• _Exercise objective_
Each record should be reproduced exactly.

• _Material for the task_
━━━━━━━━━━━━━━━━━━━━━━━━━━━━━━

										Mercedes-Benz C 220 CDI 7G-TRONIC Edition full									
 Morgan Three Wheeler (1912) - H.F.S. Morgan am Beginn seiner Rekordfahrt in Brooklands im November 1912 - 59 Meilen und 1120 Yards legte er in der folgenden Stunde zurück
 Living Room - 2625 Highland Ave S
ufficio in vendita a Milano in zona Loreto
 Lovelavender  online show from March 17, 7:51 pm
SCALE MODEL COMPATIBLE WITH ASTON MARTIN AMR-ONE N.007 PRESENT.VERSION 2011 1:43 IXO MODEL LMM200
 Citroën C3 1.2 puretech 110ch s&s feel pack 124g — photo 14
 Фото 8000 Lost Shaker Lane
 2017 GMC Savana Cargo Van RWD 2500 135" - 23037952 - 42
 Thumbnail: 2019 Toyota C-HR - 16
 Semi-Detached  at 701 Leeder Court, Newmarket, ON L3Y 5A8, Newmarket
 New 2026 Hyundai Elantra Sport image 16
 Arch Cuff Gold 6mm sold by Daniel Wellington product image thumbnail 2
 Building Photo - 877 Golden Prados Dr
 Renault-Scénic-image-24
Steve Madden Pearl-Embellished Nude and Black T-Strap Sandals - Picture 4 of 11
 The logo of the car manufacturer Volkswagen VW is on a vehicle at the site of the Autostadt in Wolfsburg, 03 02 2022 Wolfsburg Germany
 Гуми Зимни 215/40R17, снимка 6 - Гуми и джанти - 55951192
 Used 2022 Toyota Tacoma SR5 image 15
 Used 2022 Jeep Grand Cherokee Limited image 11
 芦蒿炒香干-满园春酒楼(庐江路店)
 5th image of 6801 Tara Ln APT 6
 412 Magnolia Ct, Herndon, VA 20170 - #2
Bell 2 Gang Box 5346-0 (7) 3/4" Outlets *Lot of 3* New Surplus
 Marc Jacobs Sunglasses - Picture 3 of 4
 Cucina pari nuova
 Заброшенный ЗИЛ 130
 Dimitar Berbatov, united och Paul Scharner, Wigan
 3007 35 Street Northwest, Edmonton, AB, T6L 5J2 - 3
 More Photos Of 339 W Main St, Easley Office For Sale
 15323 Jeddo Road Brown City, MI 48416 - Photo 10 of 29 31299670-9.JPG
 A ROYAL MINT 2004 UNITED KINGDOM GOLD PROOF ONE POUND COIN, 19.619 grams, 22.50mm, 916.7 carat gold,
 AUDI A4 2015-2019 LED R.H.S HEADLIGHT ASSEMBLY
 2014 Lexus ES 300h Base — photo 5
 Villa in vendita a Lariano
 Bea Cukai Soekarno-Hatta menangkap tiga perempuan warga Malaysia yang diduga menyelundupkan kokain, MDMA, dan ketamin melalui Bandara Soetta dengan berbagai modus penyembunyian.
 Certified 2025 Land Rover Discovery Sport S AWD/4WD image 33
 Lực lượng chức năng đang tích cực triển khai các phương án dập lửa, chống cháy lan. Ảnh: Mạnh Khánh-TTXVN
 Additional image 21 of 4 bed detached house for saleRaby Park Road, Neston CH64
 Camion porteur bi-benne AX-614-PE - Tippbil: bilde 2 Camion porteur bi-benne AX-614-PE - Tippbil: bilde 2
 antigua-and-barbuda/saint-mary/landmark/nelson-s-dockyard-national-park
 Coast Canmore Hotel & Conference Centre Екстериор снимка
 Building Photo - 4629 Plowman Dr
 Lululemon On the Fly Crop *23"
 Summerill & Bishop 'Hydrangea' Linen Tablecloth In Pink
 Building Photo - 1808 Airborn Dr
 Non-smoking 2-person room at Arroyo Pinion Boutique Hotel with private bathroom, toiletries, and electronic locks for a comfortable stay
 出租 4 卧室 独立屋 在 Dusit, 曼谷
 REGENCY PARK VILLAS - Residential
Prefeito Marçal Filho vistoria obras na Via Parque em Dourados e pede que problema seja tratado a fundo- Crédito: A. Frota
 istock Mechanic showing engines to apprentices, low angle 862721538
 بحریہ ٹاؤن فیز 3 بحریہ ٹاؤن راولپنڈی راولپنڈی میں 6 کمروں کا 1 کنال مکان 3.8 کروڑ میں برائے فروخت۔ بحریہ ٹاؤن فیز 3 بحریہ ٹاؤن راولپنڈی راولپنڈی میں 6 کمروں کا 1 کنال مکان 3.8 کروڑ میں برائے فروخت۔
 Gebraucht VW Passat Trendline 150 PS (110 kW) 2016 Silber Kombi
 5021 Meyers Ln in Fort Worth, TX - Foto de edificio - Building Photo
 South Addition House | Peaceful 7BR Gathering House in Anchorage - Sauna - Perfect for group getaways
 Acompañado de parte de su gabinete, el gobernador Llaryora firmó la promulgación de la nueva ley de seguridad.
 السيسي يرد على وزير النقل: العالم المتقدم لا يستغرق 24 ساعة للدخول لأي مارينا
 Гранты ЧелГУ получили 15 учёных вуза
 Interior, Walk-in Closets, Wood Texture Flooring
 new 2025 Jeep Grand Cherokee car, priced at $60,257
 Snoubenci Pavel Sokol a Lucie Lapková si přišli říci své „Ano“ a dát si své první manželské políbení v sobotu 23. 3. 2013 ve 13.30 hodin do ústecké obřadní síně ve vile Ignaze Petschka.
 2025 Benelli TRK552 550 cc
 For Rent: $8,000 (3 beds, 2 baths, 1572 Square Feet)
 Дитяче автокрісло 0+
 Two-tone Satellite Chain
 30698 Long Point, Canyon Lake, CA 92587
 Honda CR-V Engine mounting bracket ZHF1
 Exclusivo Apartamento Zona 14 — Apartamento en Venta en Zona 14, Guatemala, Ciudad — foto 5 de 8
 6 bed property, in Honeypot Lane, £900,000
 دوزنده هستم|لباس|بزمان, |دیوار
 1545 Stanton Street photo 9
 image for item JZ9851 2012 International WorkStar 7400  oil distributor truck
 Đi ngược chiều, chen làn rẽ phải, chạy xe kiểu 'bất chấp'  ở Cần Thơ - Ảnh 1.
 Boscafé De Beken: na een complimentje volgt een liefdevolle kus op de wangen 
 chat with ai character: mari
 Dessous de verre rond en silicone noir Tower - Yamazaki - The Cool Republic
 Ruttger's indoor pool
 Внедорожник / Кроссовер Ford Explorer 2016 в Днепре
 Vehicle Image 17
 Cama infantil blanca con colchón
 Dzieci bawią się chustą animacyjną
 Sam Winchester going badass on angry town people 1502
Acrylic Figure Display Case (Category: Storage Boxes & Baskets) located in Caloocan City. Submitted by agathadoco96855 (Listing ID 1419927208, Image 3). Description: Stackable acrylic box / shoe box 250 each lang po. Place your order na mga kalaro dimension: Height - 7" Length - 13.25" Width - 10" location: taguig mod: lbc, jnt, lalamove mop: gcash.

━━━━━━━━━━━━━━━━━━━━━━━━━━━━━━

• _Output of the task_
										Mercedes-Benz C 220 CDI 7G-TRONIC Edition full									
 Morgan Three Wheeler (1912) - H.F.S. Morgan am Beginn seiner Rekordfahrt in Brooklands im November 1912 - 59 Meilen und 1120 Yards legte er in der folgenden Stunde zurück
 Living Room - 2625 Highland Ave S
ufficio in vendita a Milano in zona Loreto
 Lovelavender  online show from March 17, 7:51 pm
SCALE MODEL COMPATIBLE WITH ASTON MARTIN AMR-ONE N.007 PRESENT.VERSION 2011 1:43 IXO MODEL LMM200
 Citroën C3 1.2 puretech 110ch s&s feel pack 124g — photo 14
 Фото 8000 Lost Shaker Lane
 2017 GMC Savana Cargo Van RWD 2500 135" - 23037952 - 42
 Thumbnail: 2019 Toyota C-HR - 16
 Semi-Detached  at 701 Leeder Court, Newmarket, ON L3Y 5A8, Newmarket
 New 2026 Hyundai Elantra Sport image 16
 Arch Cuff Gold 6mm sold by Daniel Wellington product image thumbnail 2
 Building Photo - 877 Golden Prados Dr
 Renault-Scénic-image-24
Steve Madden Pearl-Embellished Nude and Black T-Strap Sandals - Picture 4 of 11
 The logo of the car manufacturer Volkswagen VW is on a vehicle at the site of the Autostadt in Wolfsburg, 03 02 2022 Wolfsburg Germany
 Гуми Зимни 215/40R17, снимка 6 - Гуми и джанти - 55951192
 Used 2022 Toyota Tacoma SR5 image 15
 Used 2022 Jeep Grand Cherokee Limited image 11
 芦蒿炒香干-满园春酒楼(庐江路店)
 5th image of 6801 Tara Ln APT 6
 412 Magnolia Ct, Herndon, VA 20170 - #2
Bell 2 Gang Box 5346-0 (7) 3/4" Outlets *Lot of 3* New Surplus
 Marc Jacobs Sunglasses - Picture 3 of 4
 Cucina pari nuova
 Заброшенный ЗИЛ 130
 Dimitar Berbatov, united och Paul Scharner, Wigan
 3007 35 Street Northwest, Edmonton, AB, T6L 5J2 - 3
 More Photos Of 339 W Main St, Easley Office For Sale
 15323 Jeddo Road Brown City, MI 48416 - Photo 10 of 29 31299670-9.JPG
 A ROYAL MINT 2004 UNITED KINGDOM GOLD PROOF ONE POUND COIN, 19.619 grams, 22.50mm, 916.7 carat gold,
 AUDI A4 2015-2019 LED R.H.S HEADLIGHT ASSEMBLY
 2014 Lexus ES 300h Base — photo 5
 Villa in vendita a Lariano
 Bea Cukai Soekarno-Hatta menangkap tiga perempuan warga Malaysia yang diduga menyelundupkan kokain, MDMA, dan ketamin melalui Bandara Soetta dengan berbagai modus penyembunyian.
 Certified 2025 Land Rover Discovery Sport S AWD/4WD image 33
 Lực lượng chức năng đang tích cực triển khai các phương án dập lửa, chống cháy lan. Ảnh: Mạnh Khánh-TTXVN
 Additional image 21 of 4 bed detached house for saleRaby Park Road, Neston CH64
 Camion porteur bi-benne AX-614-PE - Tippbil: bilde 2 Camion porteur bi-benne AX-614-PE - Tippbil: bilde 2
 antigua-and-barbuda/saint-mary/landmark/nelson-s-dockyard-national-park
 Coast Canmore Hotel & Conference Centre Екстериор снимка
 Building Photo - 4629 Plowman Dr
 Lululemon On the Fly Crop *23"
 Summerill & Bishop 'Hydrangea' Linen Tablecloth In Pink
 Building Photo - 1808 Airborn Dr
 Non-smoking 2-person room at Arroyo Pinion Boutique Hotel with private bathroom, toiletries, and electronic locks for a comfortable stay
 出租 4 卧室 独立屋 在 Dusit, 曼谷
 REGENCY PARK VILLAS - Residential
Prefeito Marçal Filho vistoria obras na Via Parque em Dourados e pede que problema seja tratado a fundo- Crédito: A. Frota
 istock Mechanic showing engines to apprentices, low angle 862721538
 بحریہ ٹاؤن فیز 3 بحریہ ٹاؤن راولپنڈی راولپنڈی میں 6 کمروں کا 1 کنال مکان 3.8 کروڑ میں برائے فروخت۔ بحریہ ٹاؤن فیز 3 بحریہ ٹاؤن راولپنڈی راولپنڈی میں 6 کمروں کا 1 کنال مکان 3.8 کروڑ میں برائے فروخت۔
 Gebraucht VW Passat Trendline 150 PS (110 kW) 2016 Silber Kombi
 5021 Meyers Ln in Fort Worth, TX - Foto de edificio - Building Photo
 South Addition House | Peaceful 7BR Gathering House in Anchorage - Sauna - Perfect for group getaways
 Acompañado de parte de su gabinete, el gobernador Llaryora firmó la promulgación de la nueva ley de seguridad.
 السيسي يرد على وزير النقل: العالم المتقدم لا يستغرق 24 ساعة للدخول لأي مارينا
 Гранты ЧелГУ получили 15 учёных вуза
 Interior, Walk-in Closets, Wood Texture Flooring
 new 2025 Jeep Grand Cherokee car, priced at $60,257
 Snoubenci Pavel Sokol a Lucie Lapková si přišli říci své „Ano“ a dát si své první manželské políbení v sobotu 23. 3. 2013 ve 13.30 hodin do ústecké obřadní síně ve vile Ignaze Petschka.
 2025 Benelli TRK552 550 cc
 For Rent: $8,000 (3 beds, 2 baths, 1572 Square Feet)
 Дитяче автокрісло 0+
 Two-tone Satellite Chain
 30698 Long Point, Canyon Lake, CA 92587
 Honda CR-V Engine mounting bracket ZHF1
 Exclusivo Apartamento Zona 14 — Apartamento en Venta en Zona 14, Guatemala, Ciudad — foto 5 de 8
 6 bed property, in Honeypot Lane, £900,000
 دوزنده هستم|لباس|بزمان, |دیوار
 1545 Stanton Street photo 9
 image for item JZ9851 2012 International WorkStar 7400  oil distributor truck
 Đi ngược chiều, chen làn rẽ phải, chạy xe kiểu 'bất chấp'  ở Cần Thơ - Ảnh 1.
 Boscafé De Beken: na een complimentje volgt een liefdevolle kus op de wangen 
 chat with ai character: mari
 Dessous de verre rond en silicone noir Tower - Yamazaki - The Cool Republic
 Ruttger's indoor pool
 Внедорожник / Кроссовер Ford Explorer 2016 в Днепре
 Vehicle Image 17
 Cama infantil blanca con colchón
 Dzieci bawią się chustą animacyjną
 Sam Winchester going badass on angry town people 1502
Acrylic Figure Display Case (Category: Storage Boxes & Baskets) located in Caloocan City. Submitted by agathadoco96855 (Listing ID 1419927208, Image 3). Description: Stackable acrylic box / shoe box 250 each lang po. Place your order na mga kalaro dimension: Height - 7" Length - 13.25" Width - 10" location: taguig mod: lbc, jnt, lalamove mop: gcash.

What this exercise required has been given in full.